By default, the API is exposed at 127.0.0.1:1234/v1/chat/completions. I’ve experimented with different models, and gpt-oss-20b does a decent job. To balance speed with quality, I keep the reasoning effort set to low. This is necessary since I’m running all of this on an AMD RX6700XT 12GB. You have to cut corners when your GPU isn’t top of the line.
Setting up LM Studio is dead simple. Install it, pick and download a model, load it, and run the local server.
The voice-to-text layer
Whisper makes sense of the sound
Of course, before the LLM can summarize anything, I need a transcript. That’s where Whisper comes in. Whisper is open-source, powerful, and surprisingly fast depending on the model size. I couldn’t get it to run on my GPU, since AMD’s support in WSL is weak, but I decided to run it inside WSL anyway. Setting up WSL is straightforward—it’s just a few commands, and nothing gets messy since we’re only exposing the service.

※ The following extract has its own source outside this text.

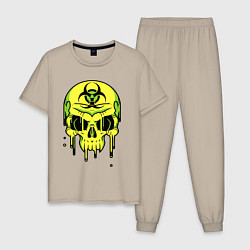 Пижама хлопковая мужская Biohazard skull, цвет: миндальный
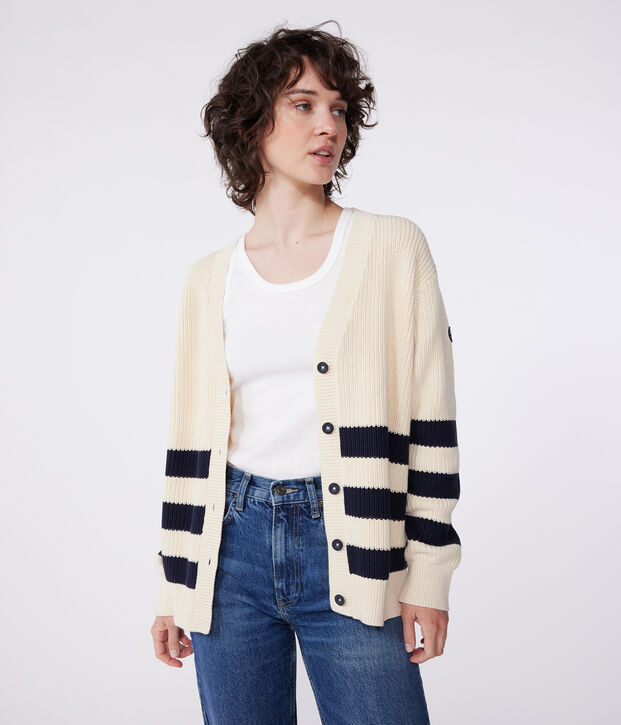 Damen-Cardigan aus Baumwolle mit Streifen naturfarben/blau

I initially used Whisper-WebUI since this was my first time trying it out and I wanted to see it in action. There were some hiccups with Python dependencies (as usual), but I eventually got it working. The WebUI is built on Gradio and lets you upload an audio file and get a transcript, which is a handy way to verify the setup. I used the small model, which works well enough, though larger models improve accuracy if you need it.
Eventually, the UI isn’t needed. If you’re confident, you can install the original Whisper repo directly. That said, the WebUI version also provides an API server if you wrap it in FastAPI, so either route works fine.

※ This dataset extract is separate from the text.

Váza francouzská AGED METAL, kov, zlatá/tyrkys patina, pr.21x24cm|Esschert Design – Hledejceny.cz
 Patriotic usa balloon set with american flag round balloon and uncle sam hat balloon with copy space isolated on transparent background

Obsidian ties it all together
Orchestrating the workflow
With Whisper transcribing and LM Studio summarizing, the final piece was making sure Obsidian could orchestrate the flow: sending audio to Whisper, feeding text to LM Studio, and creating the formatted note. Unsurprisingly, there’s no native way to do this. I didn’t even bother checking for community plugins—I knew I’d have to build my own.
Thankfully, writing an Obsidian plugin is easy. Beyond the settings, there are two core functions: sendToWhisper takes the recorded audio and sends it to Whisper, waiting for the transcription. sendToLMStudio sends the transcription along with a prompt:
You are a helpful assistant that formats voice notes for Obsidian. Return valid GitHub-flavored Markdown only. Include:
– Title as first-level heading
– A concise summary
– A “Tasks” section with actionable items as Markdown checkboxes (- [ ] …)

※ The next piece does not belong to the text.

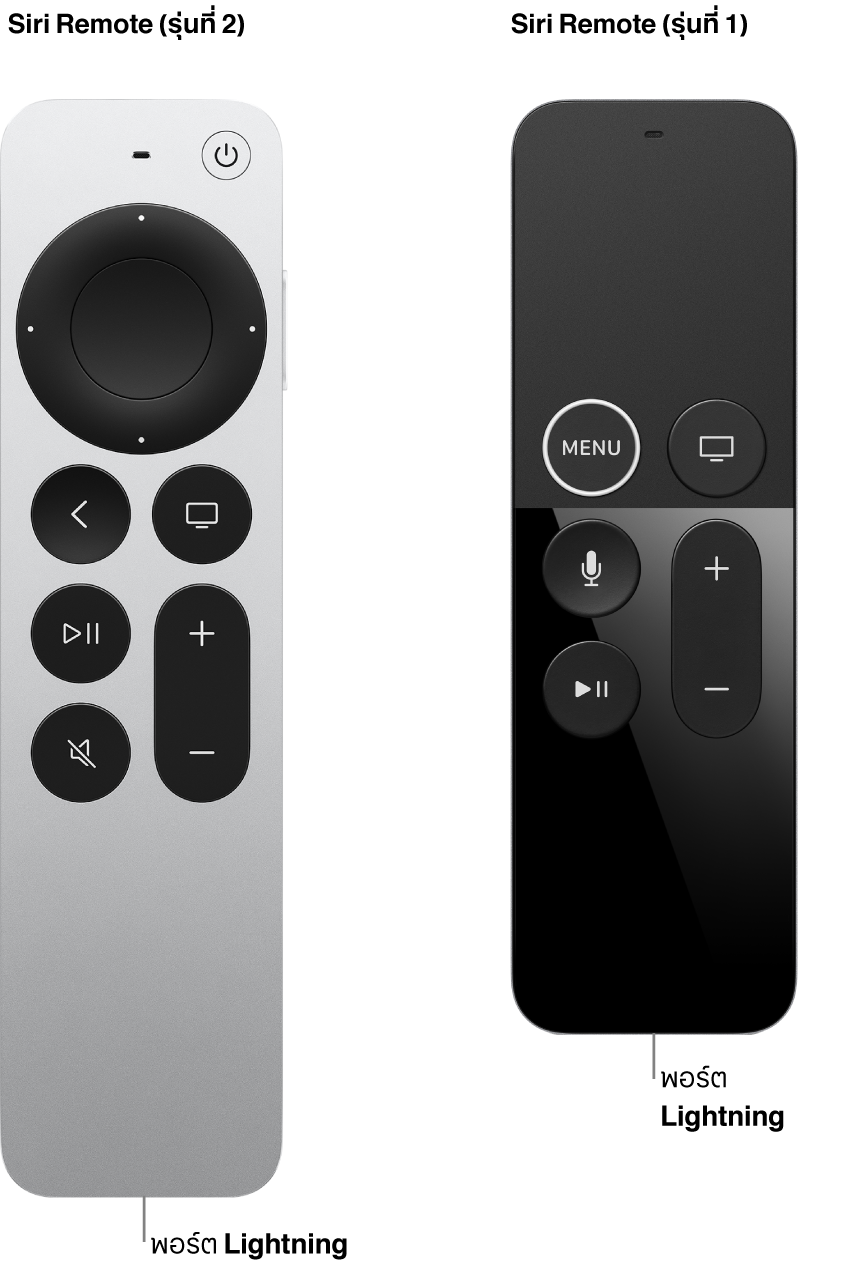ภาพของ Siri Remote (รุ่นที่ 2) และ Siri Remote (รุ่นที่ 1) ที่แสดงพอร์ต Lightning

– A “Notes” section with key points
– Then a “Transcript” section with the raw transcript below a heading
Do not add extra commentary.
The response is then caught, formatted into a new note, and saved. I speak, Obsidian processes, and I get a clean, structured note. It takes around ~40 seconds for it to transcribe a 4-minute voice note, which is fine, especially considering that I’m using my CPU only for the transcription. It’s not perfect, but it’s mine. The only drawback is that it all runs locally. I don’t have a homelab, so if I’m outside and using my phone, it won’t work. But … that’s a problem for future me.